Best Practice: How to Manage Your Keys. We will follow two rules of thumb:
Make only ONE CALL to
jrandom.PRNGKey
in your entire code.Never use the same key twice.
But if we’re restricting ourselves to only creating one key with jrandom.PRNGKey
, how can we possibly call sample
multiple times with different keys? Jax
allows us to take a random key and split it into multiple different keys, each of which can be used for different purposes. This means we can create ONE KEY to control the randomness of our entire code. We can then split this key into multiple keys as needed. Here’s how we can do this:
# Create ONE KEY to be used by your ENTIRE CODE
key = jrandom.PRNGKey(seed=0)
# Whenever you need to use the key for multiple purposes, split it into parts:
key_first, key_second, key_third = jrandom.split(key, 3)
# Use a different key for each need
print('First batch drawn with key_first: ', p_I.sample(key_first, shape))
print('Second batch drawn with key_second:', p_I.sample(key_second, shape))
print('Third batch drawn with key_third: ', p_I.sample(key_third, shape))
First batch drawn with key_first: [0 0 0 0 1 0 1 1 0 0 0 0 0 0 0]
Second batch drawn with key_second: [0 0 1 0 0 0 0 0 0 0 0 0 1 0 0]
Third batch drawn with key_third: [0 0 0 0 0 0 0 0 0 0 0 1 0 0 0]
Conditional Distributions in NumPyro
: Now that we’ve implemented the naive predictor, let’s implement our better predictor, \(p_{I | D}(i | d)\).

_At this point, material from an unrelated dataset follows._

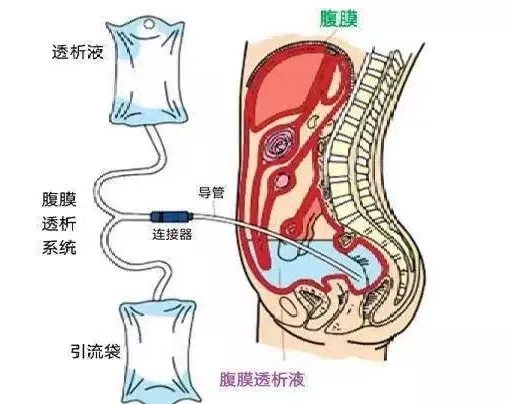 血透与腹膜透析，哪种方式对肾的损伤更大？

Recall the only difference between this predictor and the naive predictor is that the parameter of the distribution, \(\rho\), now depends on the day, \(d\).
def p_intoxication_given_day(day):
'''
Assume day is an integer from 0 to 6 (Monday to Sunday)
'''
rho_given_d = jnp.array([0.1, 0.1, 0.1, 0.1, 0.1, 0.4, 0.4])
p_I_given_d = D.Bernoulli(rho_given_d[day])
return p_I_given_d
# Example uses
p_I_given_Monday = p_intoxication_given_day(jnp.array(0))
p_I_given_Saturday = p_intoxication_given_day(jnp.array(5))
In the above, p_I_given_Monday
and p_I_given_Saturday
are just NumPyro
Bernoulli distributions, so you can use their log_prob
and sample
functions just like before.
Exercise: Implement conditional distributions
Part 1: Implement each one of the conditional distributions from the previous exercise in NumPyro
, following the example of p_intoxication_given_day
above.
Note: NumPyro
discrete distributions only work with integers, not strings. For example, instead of using \(d = \text{Monday}\), you should convert the days of the week into integers from 0 to 6 (Monday to Sunday), and instead use \(d = 0\) for “Monday”. We’ve created two helper functions to help you with this conversion: convert_day_of_week_to_int
and convert_condition_to_int
. You can use them as follows:
convert_day_of_week_to_int(data['Day-of-Week'])
convert_condition_to_int(data['Condition'])
Part 2: Verify that your implementation is correct by sampling from each conditional distribution and eye-balling that the samples look correct. Be sure to follow the best practices above when using a random number generator key.